Although prevention can help to ensure safety, if the problem is to be corrected your dog will need to be taught to accept approaches and give up objects on command. The goal is to train the dog that it will receive a favored treat or reward that is even more appealing than the object in its possession. However, you must first have good control and a well-trained dog. If your dog will not sit and stay, come, or allow approach when it has no object in its possession, then there is little chance of correcting a possessive problem. For details, see section on food guarding in our ‘Puppy handling and food bowl’ handout and in our handout on ‘Controlling stealing and teaching give’.
How can I deal with food guarding behavior?
Some dogs continue to aggressively guard their food even if worked with as puppies. Punitive attempts to change them, making the dog wait and perform numerous tasks for food, or factors that cause increased hunger tend to exacerbate rather than diminish the behavior. In fact, while you should be able to remove your puppy’s toys or food bowl and approach or pet your dog when it is eating or chewing on a toy, dogs that are possessive are more likely to increase their aggression if you keep taking away their food or toy and giving nothing positive in return. On the other hand if you back off from a dog that is growling or threatening, then the behavior has been reinforced.

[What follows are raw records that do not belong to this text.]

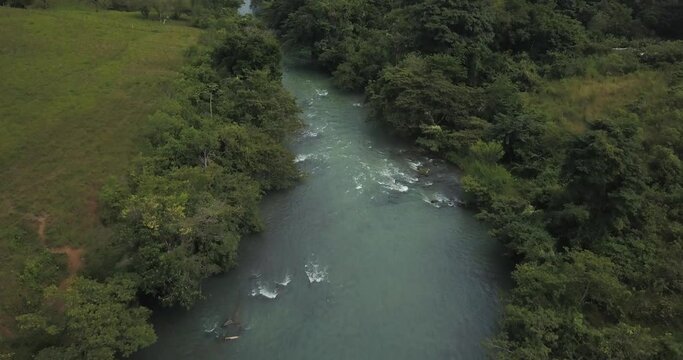 Drone aerial flying over beautiful river Cahabon in Guatemala, Central america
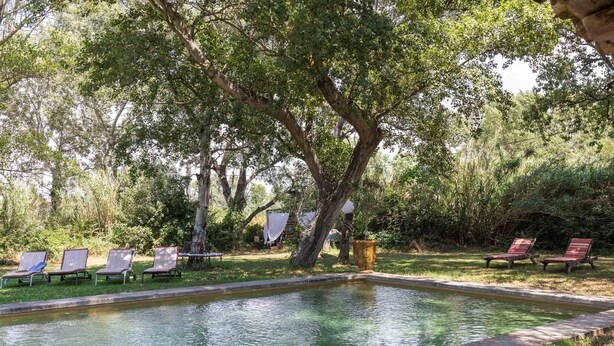 Un área de piscina con sillones reclinables y una pérgola.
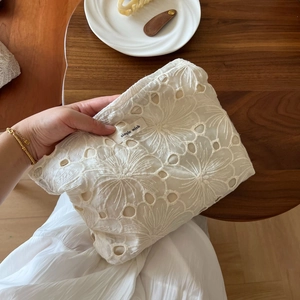 Detail of hand-held beige lace makeup bag with floral embroidery and simple wish tag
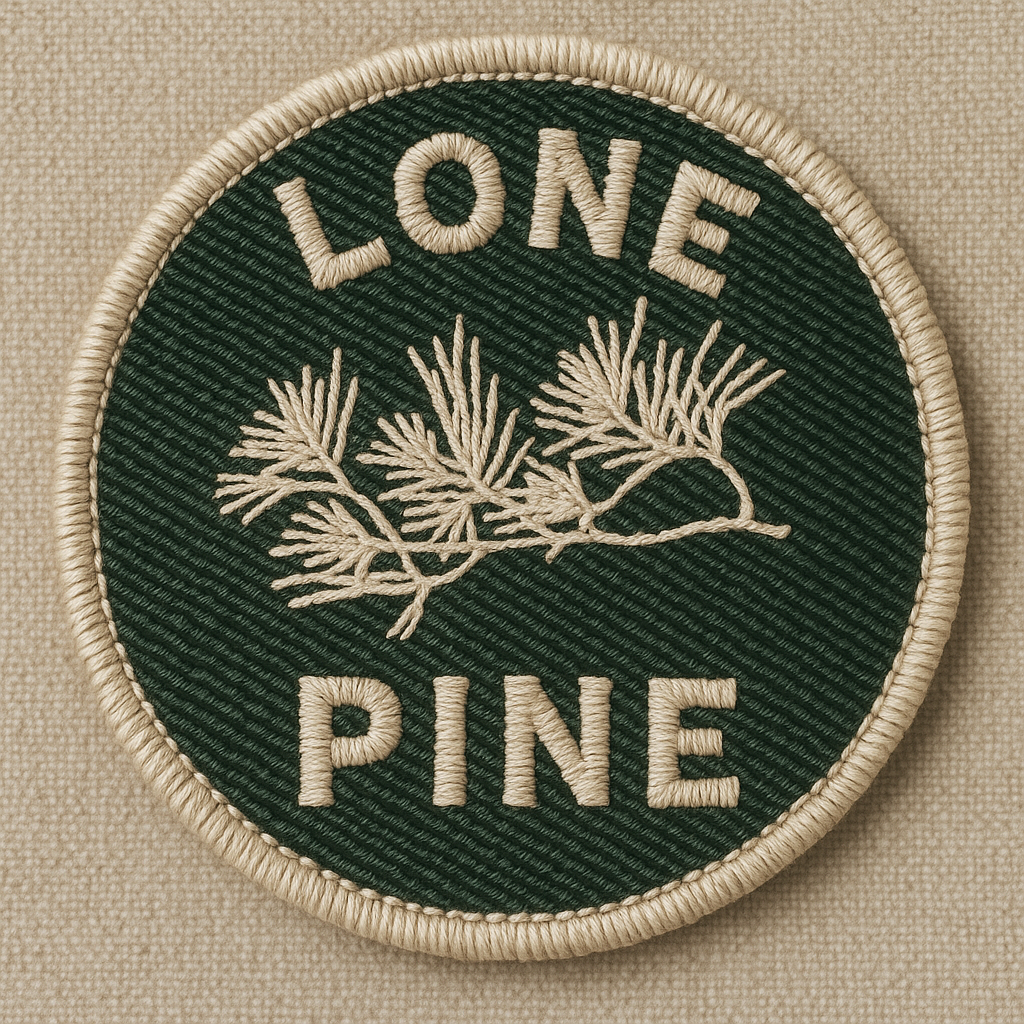 A round green embroidered patch with the words 'LONE PINE' and a pine branch in beige.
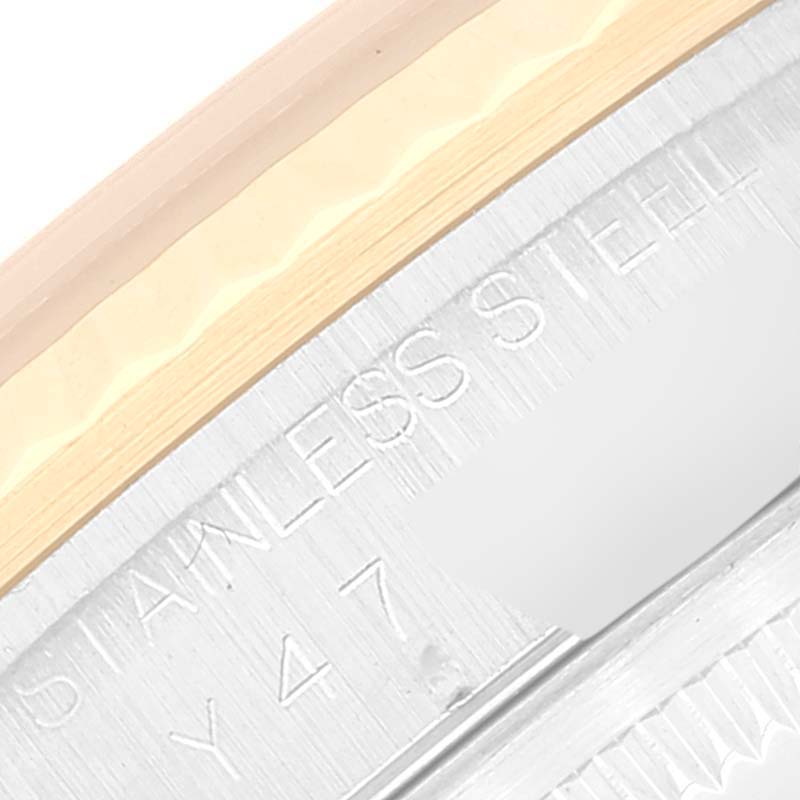 This close-up image shows the engraved text "STAINLESS STEEL" on the casing of a Rolex Datejust 16233 Men's Steel and Gold (two tone) Champagne Dial 16233 Men's Steel and Gold (two tone) Champagne Dial watch.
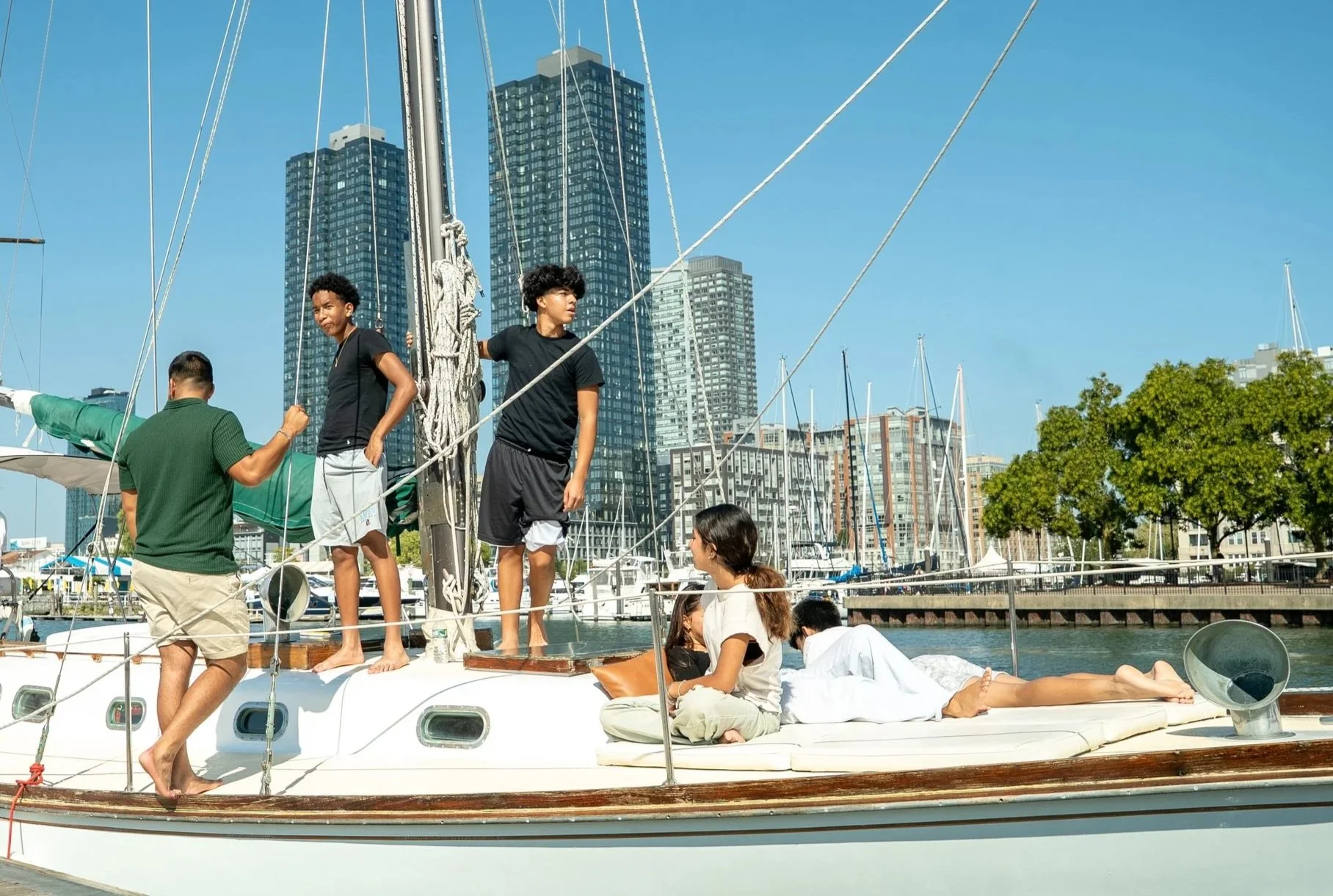 A group of young people on a sailboat docked at a marina, with tall city buildings and trees in the background. Some are sitting, some are standing, engaged in conversations and preparing for sailing.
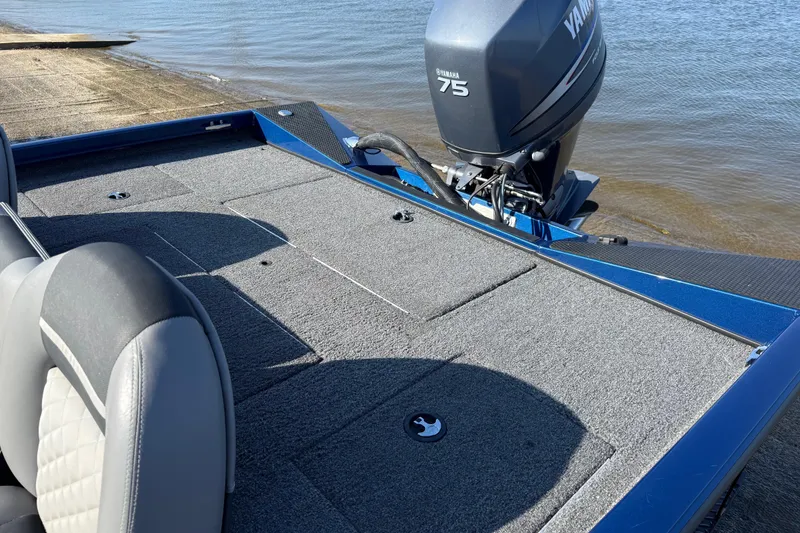 Slide: The Image of 2020 Triton 17 TX boat with Yamaha 75 engine at a lakeside dock. - 20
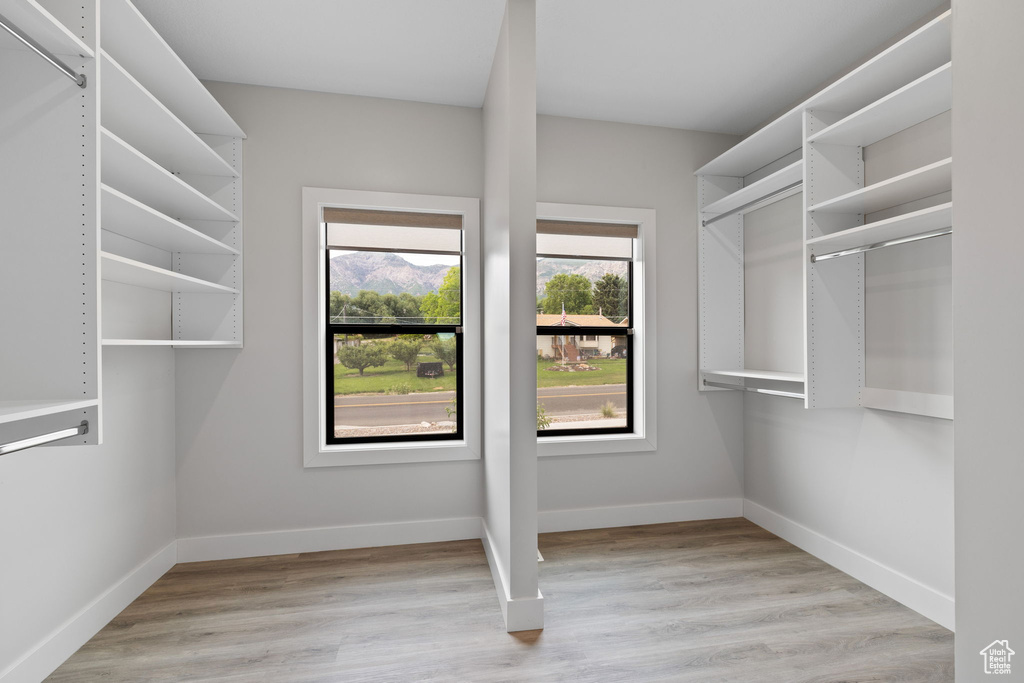 Walk in closet featuring wood finished floors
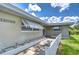 Exterior view showcases the house number and the home's charming architecture with awning-covered windows and tidy landscaping at 12033 82Nd Ave, Seminole, FL 33772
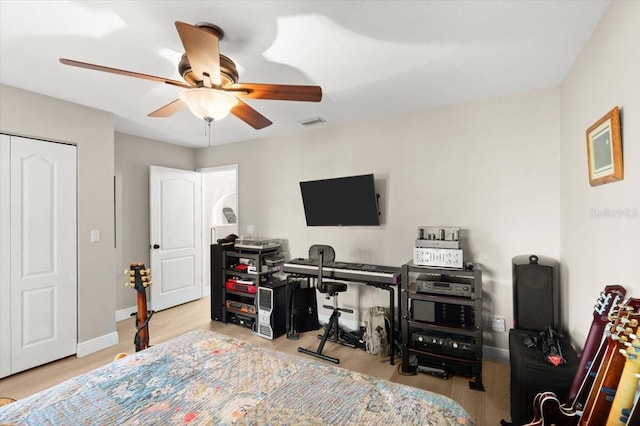 206 Canova Dr, New Smyrna Beach, FL 32169 - bedroom with a ceiling fan, wood finished floors, and a closet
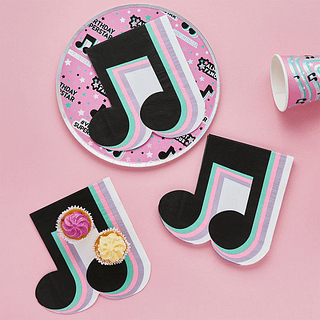papieren servet in de vom van een zwarte muzieknoot met mintgroene, paarse en pastelroze strepen liggen op een roze achtergrond en zijn bedekt met cupcakes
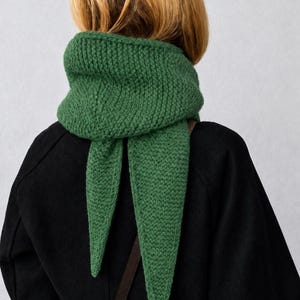May include: A forest green knitted scarf with a triangular shape and a textured garter stitch pattern. The scarf is wrapped around the neck, featuring two pointed ends that hang down the back over a solid black coat with a brown strap.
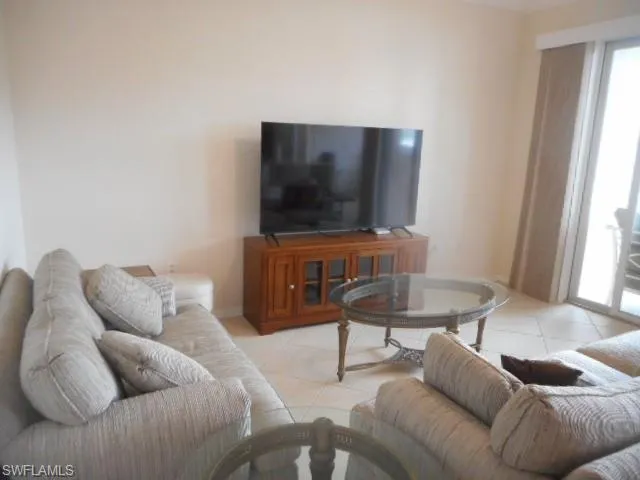 Living area with light tile patterned floors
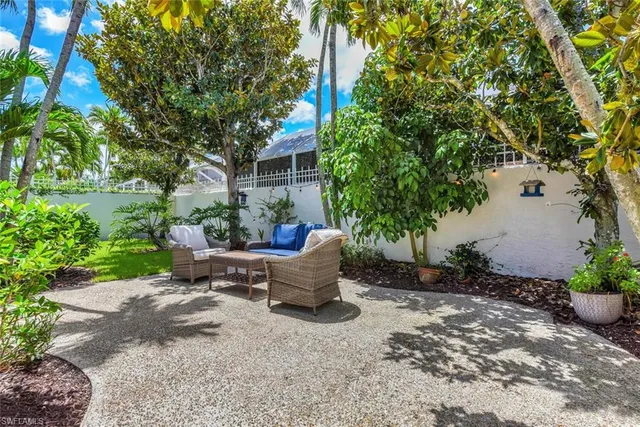 a view of a backyard with sitting area and garden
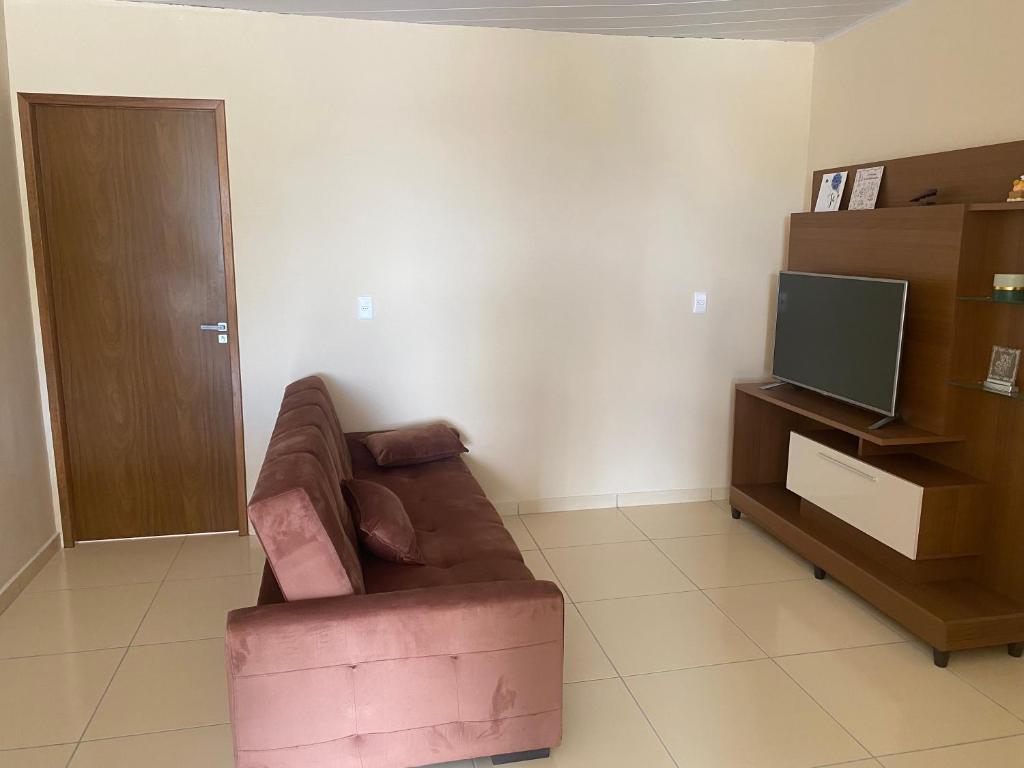 Televisyen dan/atau pusat hiburan di Apartamento muito bem localizado a 200 metros da praca mestre dominguinhos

The first step is to remove any conflict or anxiety from the feeding situation. The food bowl should be picked up and put away when it is not mealtime. In general the dog should be fed scheduled mealtimes and not free choice (although in rare cases free choice feeding may reduce the increased arousal and aggression around the food bowl, but not the possessiveness of novel foods and treats). When food is prepared, the dog should be outside or in another room. The food is then placed in a secure location, preferably a room with a door that can be completely latched and/or locked or a crate if the dog is used to one (locking the door is essential if young children are in the home). The dog is then placed in the room or crate with the food and the door is shut. When the dog is finished eating they often will bark or scratch at the door to be released. The dog is released and let outside, and while the dog is gone the bowl is picked up and put away. At no time should the dog be fed in a location where other people are present since this presents a danger to those in the vicinity of the dog while it eats.
For some dogs this will help decrease their anxiety and remove the source of conflict between the family and the pet, and may be the lifelong solution. In other situations, if the aggression is not severe and the dog is not aggressive about an empty food bowl, retraining can be attempted. This often entails measured and controlled feeding. The exercise can be performed with a leash and head collar for additional control should the dog not respond to your commands or should aggression begin to emerge. The dog’s daily ration is split into multiple portions. The dog is asked to sit/stay and a small amount of food is placed in the bowl; then the bowl is placed on the floor and the person steps back 2-4 feet. The dog is then released to eat this amount. Once the dog has consumed the amount he is backed away from the bowl, asked again to sit/stay and the bowl is picked up, repeating the process until the whole meal is consumed. Occasionally a special treat can be added to the next portion of food. If at any time the dog stiffens or growls, the session ends and, once the dog leaves the bowl, it is picked up and put away.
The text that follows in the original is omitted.